PROBLEM TO SOLVE —
Go to the line below that has "Full-Scale Handyman in Arona, Pennsylvania", print it and each line after it exactly, and stop after the line that has "2000, Hans-Dietrich Genscher"; leave out pictures.

DATA IN THIS EXERCISE —
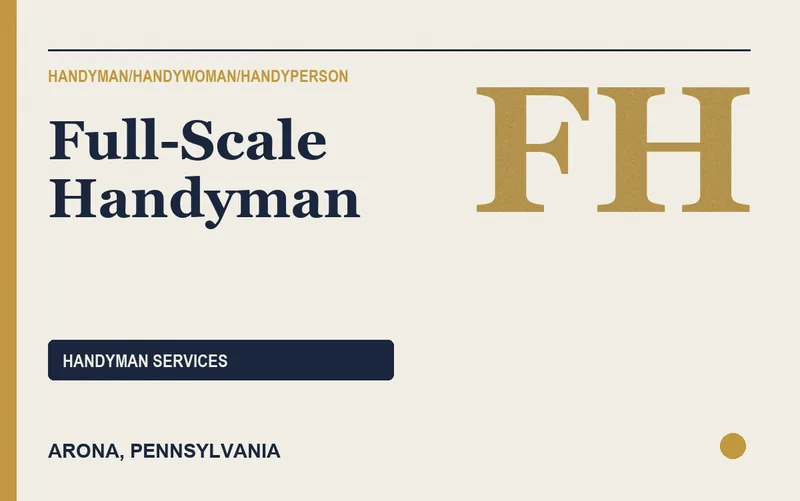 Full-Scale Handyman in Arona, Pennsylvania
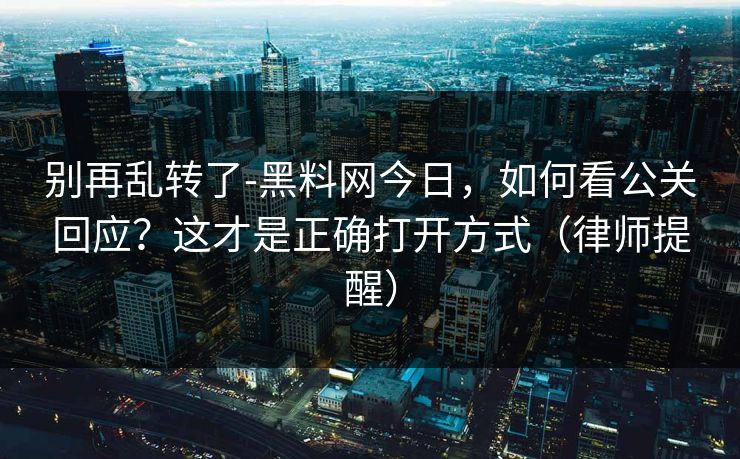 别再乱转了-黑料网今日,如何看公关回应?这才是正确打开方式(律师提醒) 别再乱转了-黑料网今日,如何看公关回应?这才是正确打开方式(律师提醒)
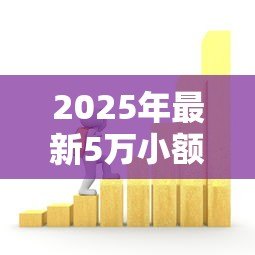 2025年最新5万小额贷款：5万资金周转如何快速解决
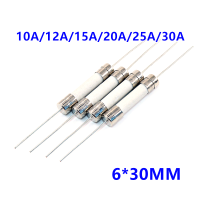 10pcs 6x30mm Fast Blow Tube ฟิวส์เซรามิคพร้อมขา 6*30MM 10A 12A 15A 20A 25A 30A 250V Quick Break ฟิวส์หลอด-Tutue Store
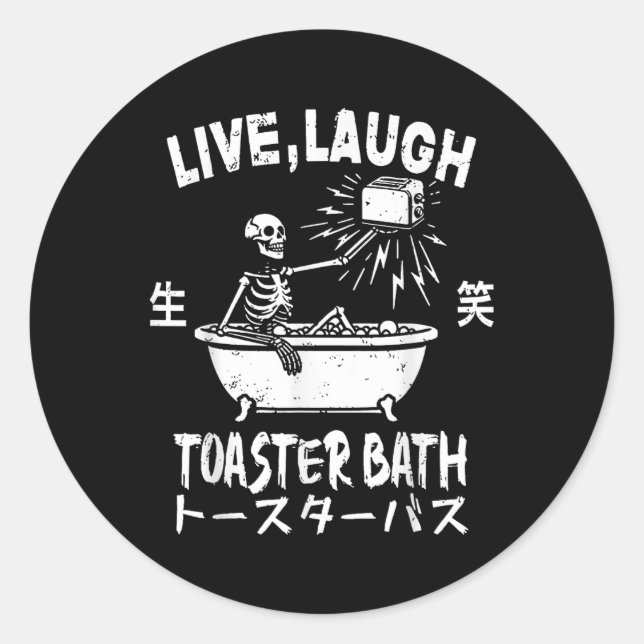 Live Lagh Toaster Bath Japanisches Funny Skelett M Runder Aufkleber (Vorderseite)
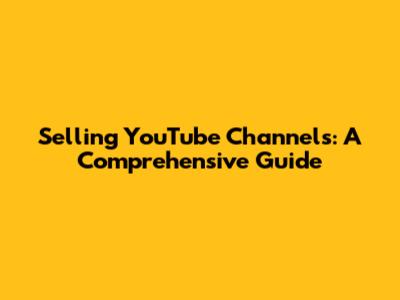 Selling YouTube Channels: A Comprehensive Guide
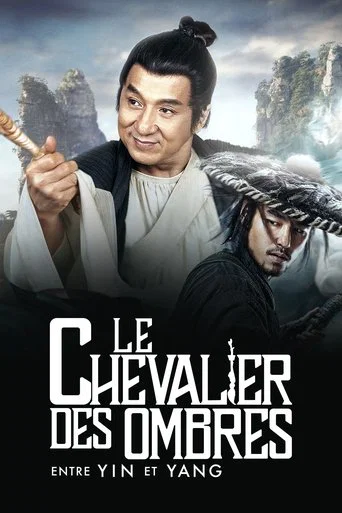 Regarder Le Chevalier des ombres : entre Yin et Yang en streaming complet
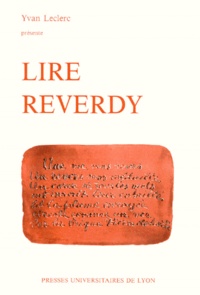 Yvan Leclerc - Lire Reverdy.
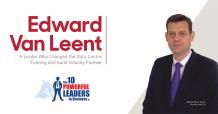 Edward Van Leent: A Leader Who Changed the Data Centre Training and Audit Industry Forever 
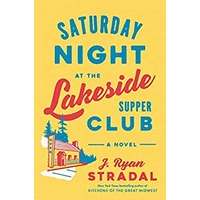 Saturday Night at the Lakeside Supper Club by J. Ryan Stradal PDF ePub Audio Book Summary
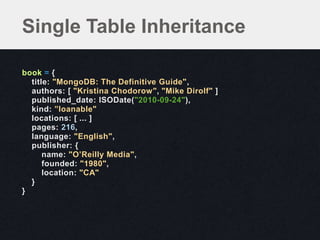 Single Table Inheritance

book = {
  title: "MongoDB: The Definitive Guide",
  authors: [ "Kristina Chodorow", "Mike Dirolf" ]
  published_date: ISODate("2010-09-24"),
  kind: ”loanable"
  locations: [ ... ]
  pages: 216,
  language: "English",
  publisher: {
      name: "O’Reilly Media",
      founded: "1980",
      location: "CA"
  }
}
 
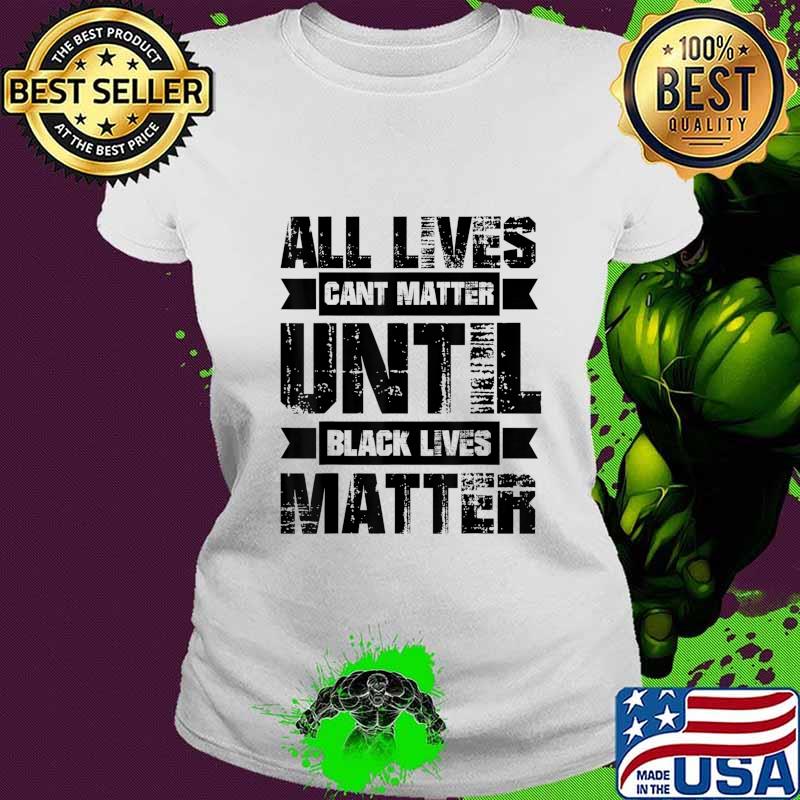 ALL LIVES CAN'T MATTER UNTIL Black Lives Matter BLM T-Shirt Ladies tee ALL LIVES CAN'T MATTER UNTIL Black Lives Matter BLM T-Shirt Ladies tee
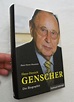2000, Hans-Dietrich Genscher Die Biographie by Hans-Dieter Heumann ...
---
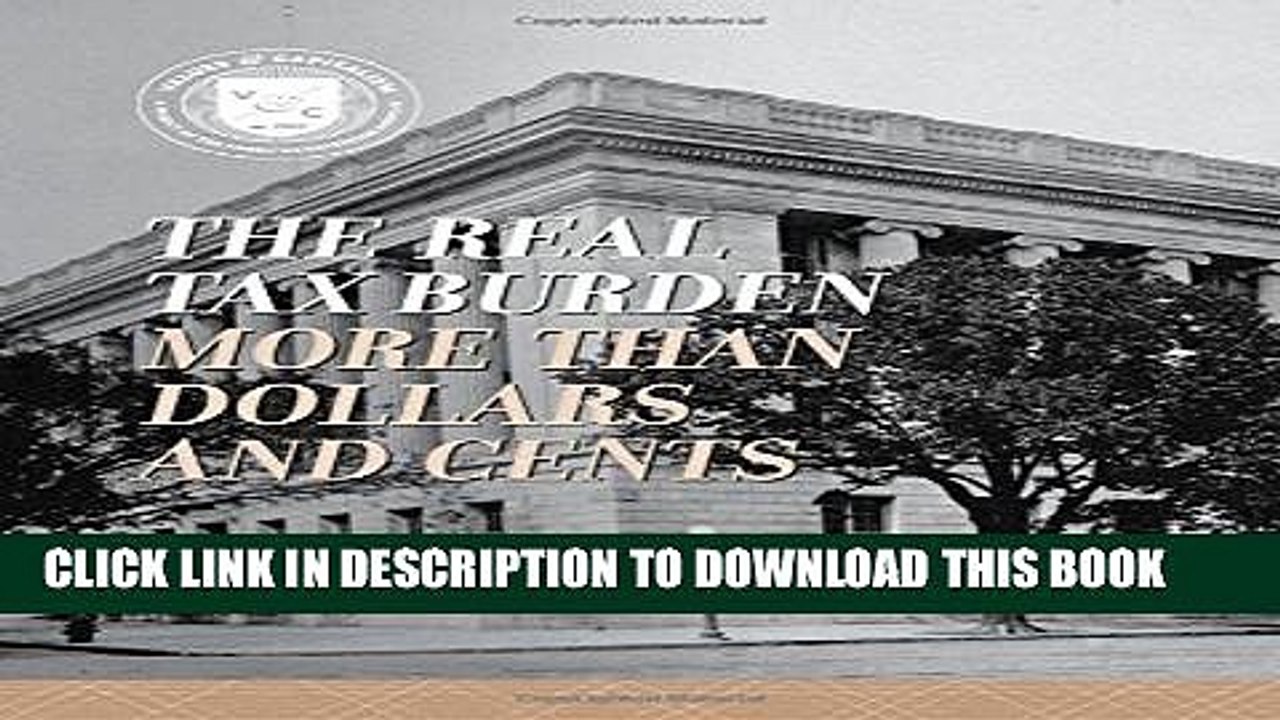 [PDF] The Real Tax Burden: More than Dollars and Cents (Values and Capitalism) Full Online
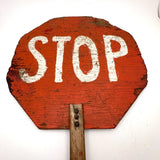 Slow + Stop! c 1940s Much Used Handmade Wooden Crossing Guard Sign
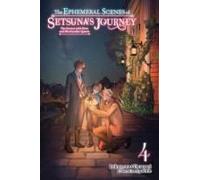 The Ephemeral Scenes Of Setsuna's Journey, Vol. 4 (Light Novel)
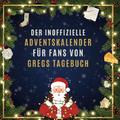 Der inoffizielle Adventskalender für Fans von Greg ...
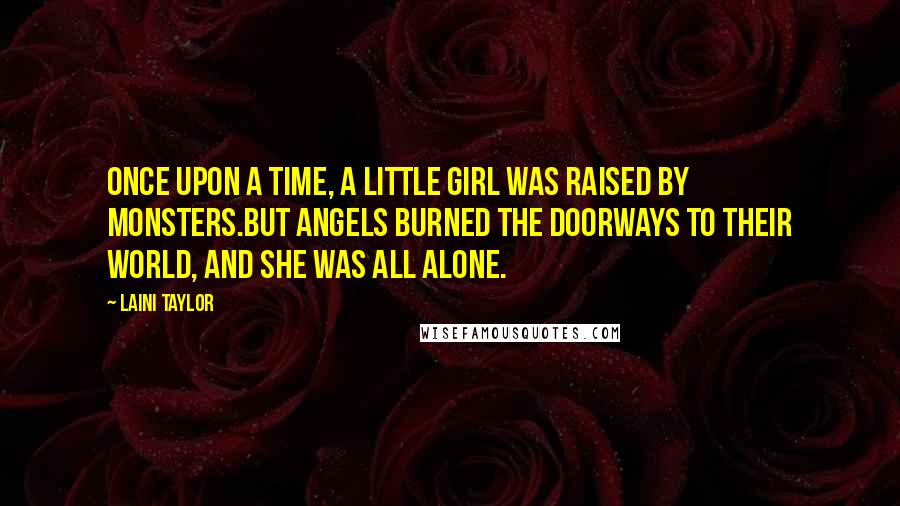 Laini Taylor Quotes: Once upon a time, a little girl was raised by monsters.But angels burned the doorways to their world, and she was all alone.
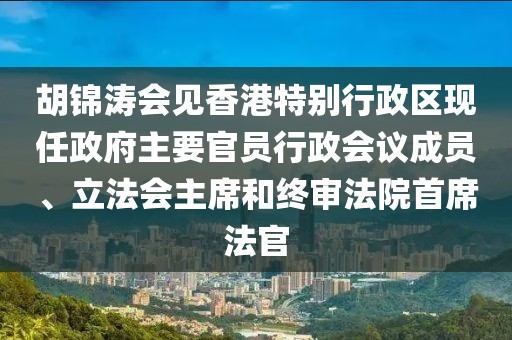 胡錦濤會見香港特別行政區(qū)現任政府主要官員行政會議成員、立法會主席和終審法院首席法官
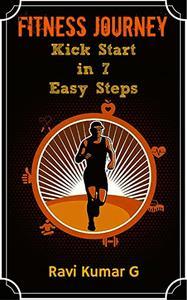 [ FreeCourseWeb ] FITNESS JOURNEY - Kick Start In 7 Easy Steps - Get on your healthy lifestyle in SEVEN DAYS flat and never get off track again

WORKED SOLUTION —
 Full-Scale Handyman in Arona, Pennsylvania
 别再乱转了-黑料网今日,如何看公关回应?这才是正确打开方式(律师提醒) 别再乱转了-黑料网今日,如何看公关回应?这才是正确打开方式(律师提醒)
 2025年最新5万小额贷款：5万资金周转如何快速解决
 10pcs 6x30mm Fast Blow Tube ฟิวส์เซรามิคพร้อมขา 6*30MM 10A 12A 15A 20A 25A 30A 250V Quick Break ฟิวส์หลอด-Tutue Store
 Live Lagh Toaster Bath Japanisches Funny Skelett M Runder Aufkleber (Vorderseite)
 Selling YouTube Channels: A Comprehensive Guide
 Regarder Le Chevalier des ombres : entre Yin et Yang en streaming complet
 Yvan Leclerc - Lire Reverdy.
 Edward Van Leent: A Leader Who Changed the Data Centre Training and Audit Industry Forever 
 Saturday Night at the Lakeside Supper Club by J. Ryan Stradal PDF ePub Audio Book Summary
 Single Table Inheritance

book = {
  title: "MongoDB: The Definitive Guide",
  authors: [ "Kristina Chodorow", "Mike Dirolf" ]
  published_date: ISODate("2010-09-24"),
  kind: ”loanable"
  locations: [ ... ]
  pages: 216,
  language: "English",
  publisher: {
      name: "O’Reilly Media",
      founded: "1980",
      location: "CA"
  }
}
 
 ALL LIVES CAN'T MATTER UNTIL Black Lives Matter BLM T-Shirt Ladies tee ALL LIVES CAN'T MATTER UNTIL Black Lives Matter BLM T-Shirt Ladies tee
2000, Hans-Dietrich Genscher Die Biographie by Hans-Dieter Heumann ...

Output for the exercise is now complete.